§ DATA LISTING
Content starts
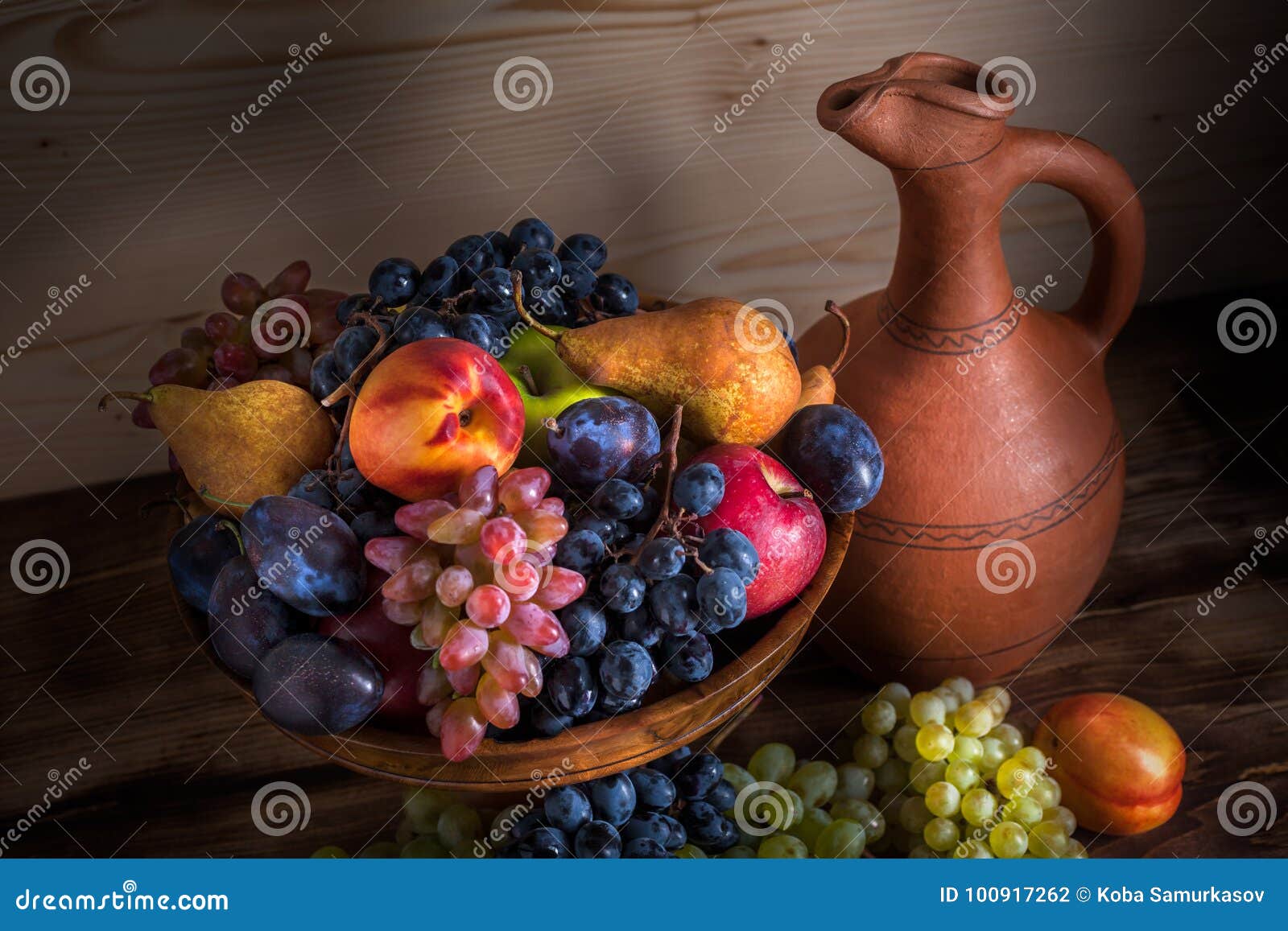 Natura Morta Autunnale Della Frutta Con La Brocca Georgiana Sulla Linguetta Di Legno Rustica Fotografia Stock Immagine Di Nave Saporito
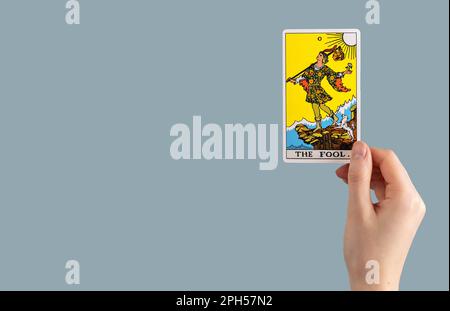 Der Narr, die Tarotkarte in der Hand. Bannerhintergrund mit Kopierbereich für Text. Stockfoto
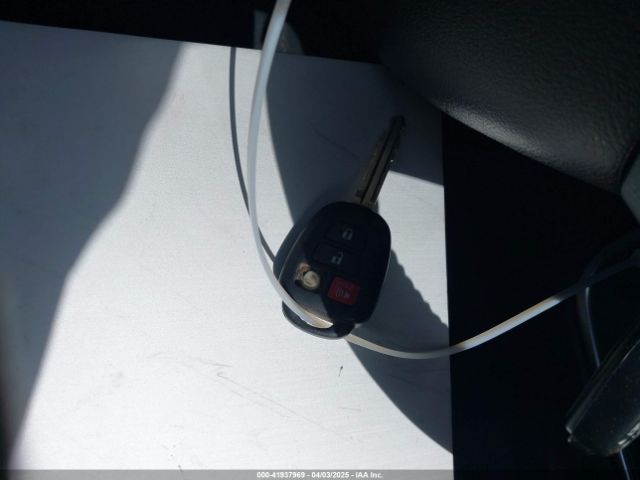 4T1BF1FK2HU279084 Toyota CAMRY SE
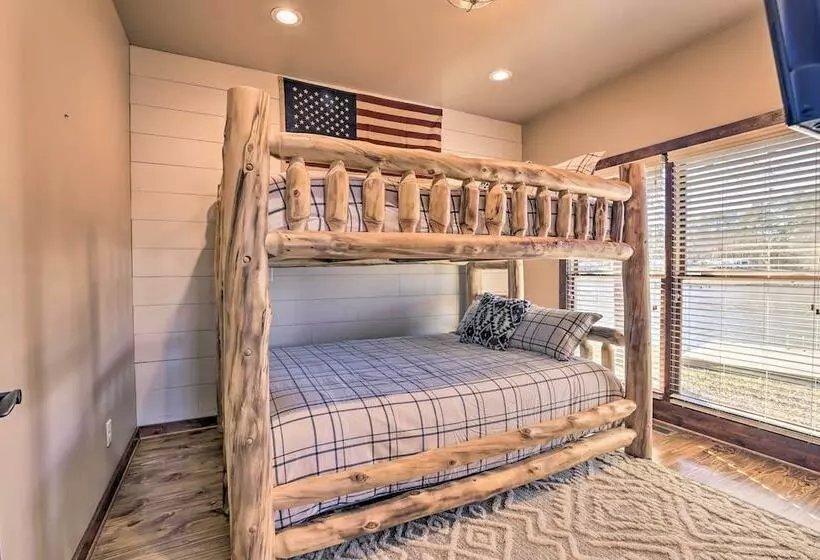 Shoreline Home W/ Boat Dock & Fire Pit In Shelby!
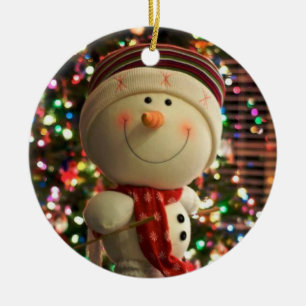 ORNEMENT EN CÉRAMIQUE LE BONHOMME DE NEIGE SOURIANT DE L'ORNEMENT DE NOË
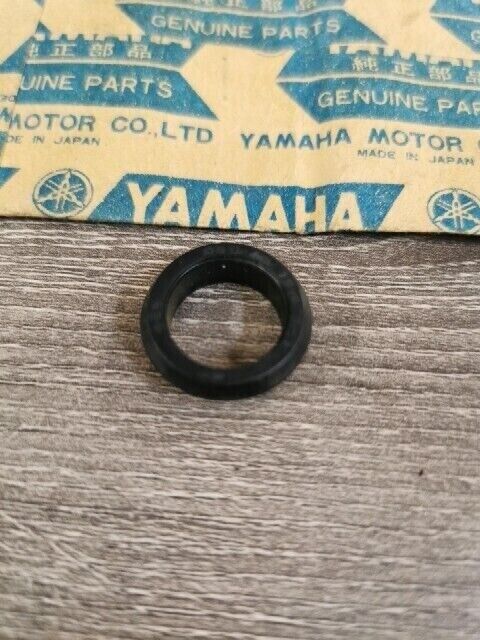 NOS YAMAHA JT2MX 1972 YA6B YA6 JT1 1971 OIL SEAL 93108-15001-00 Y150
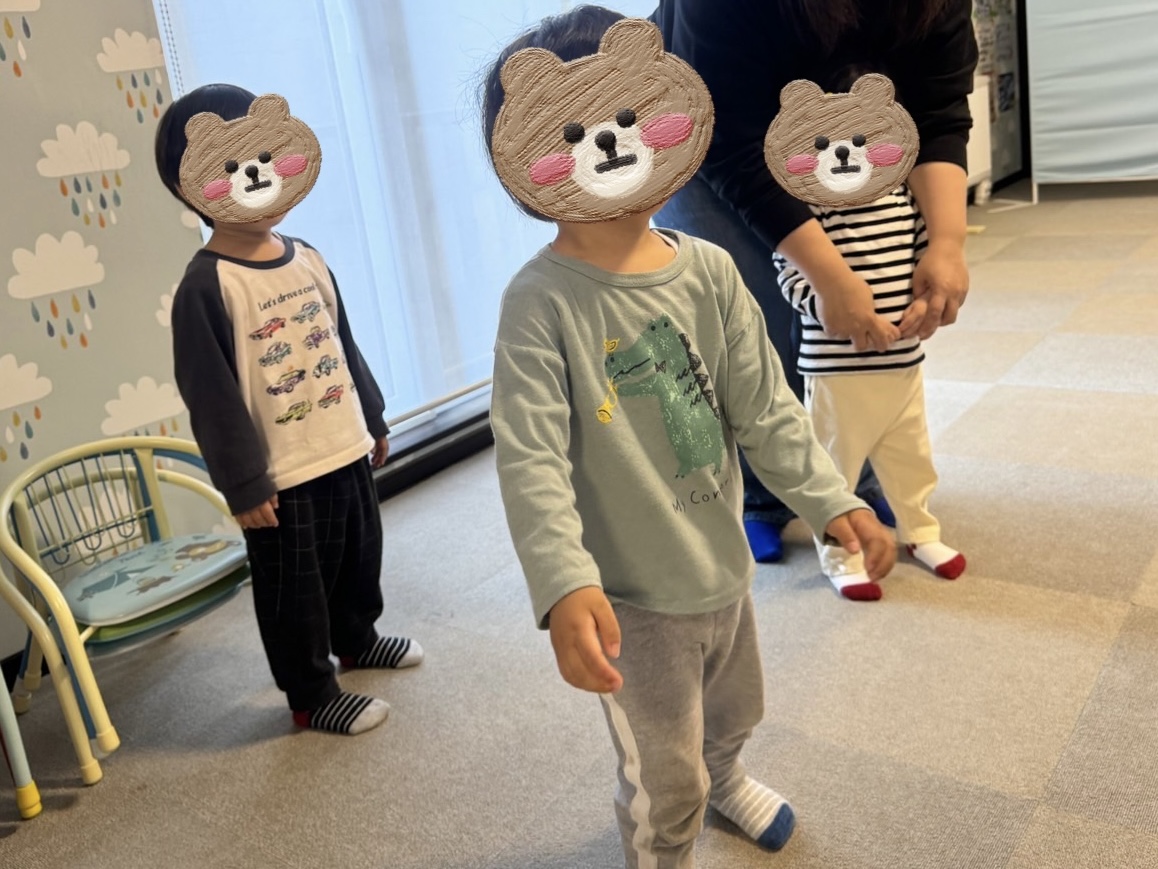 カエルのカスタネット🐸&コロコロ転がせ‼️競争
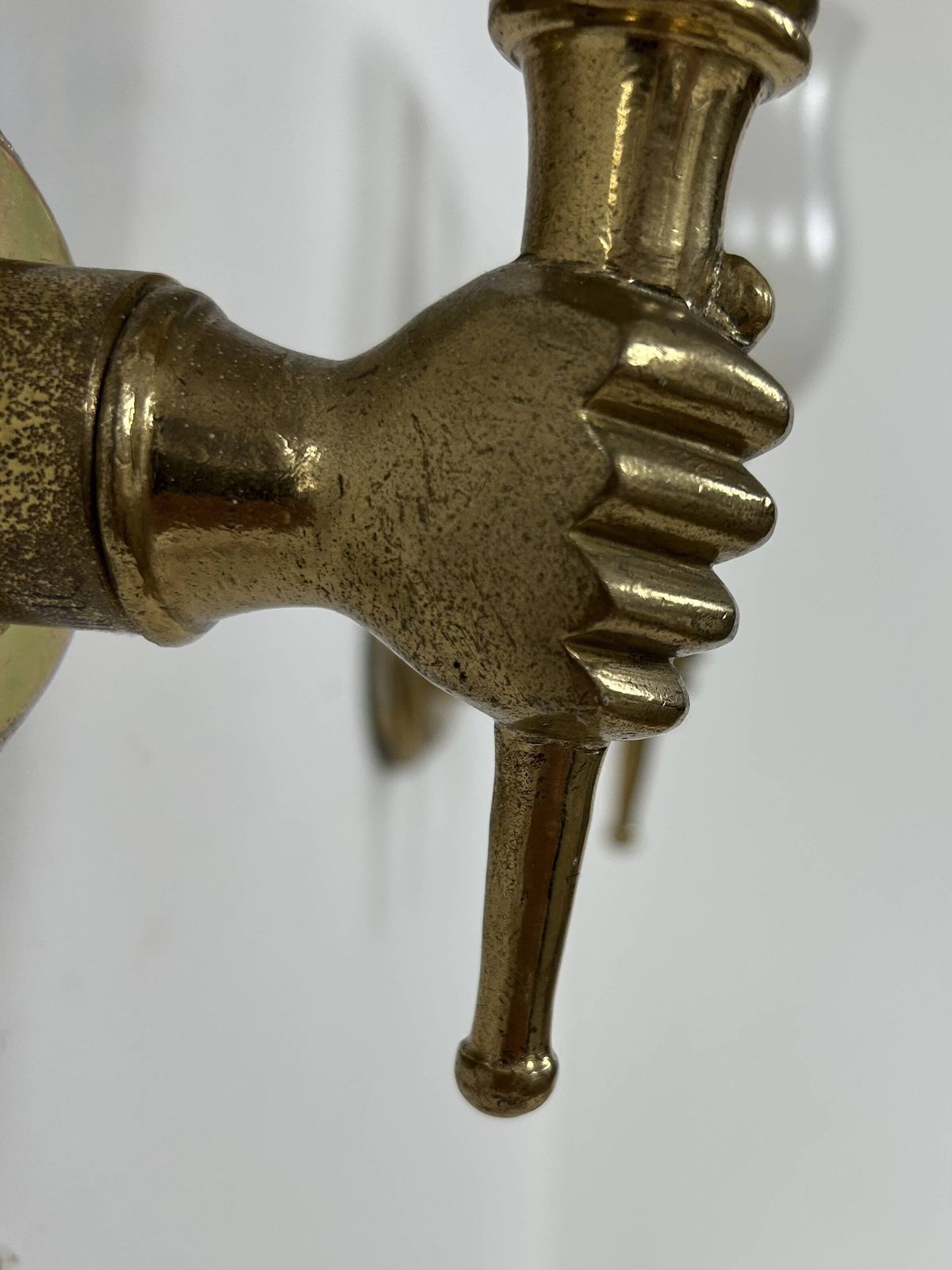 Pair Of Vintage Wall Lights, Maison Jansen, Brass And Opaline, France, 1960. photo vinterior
Content ends
§ HOW TO COMPLETE THIS TASK
Word for word, restate the lines from the one containing "4T1BF1FK2HU279084 Toyota CAMRY SE" through the end of the listing, and nothing more. Skip the pictures.

§ RESPONSE FOR THIS EXERCISE
 4T1BF1FK2HU279084 Toyota CAMRY SE
 Shoreline Home W/ Boat Dock & Fire Pit In Shelby!
 ORNEMENT EN CÉRAMIQUE LE BONHOMME DE NEIGE SOURIANT DE L'ORNEMENT DE NOË
 NOS YAMAHA JT2MX 1972 YA6B YA6 JT1 1971 OIL SEAL 93108-15001-00 Y150
 カエルのカスタネット🐸&コロコロ転がせ‼️競争
 Pair Of Vintage Wall Lights, Maison Jansen, Brass And Opaline, France, 1960. photo vinterior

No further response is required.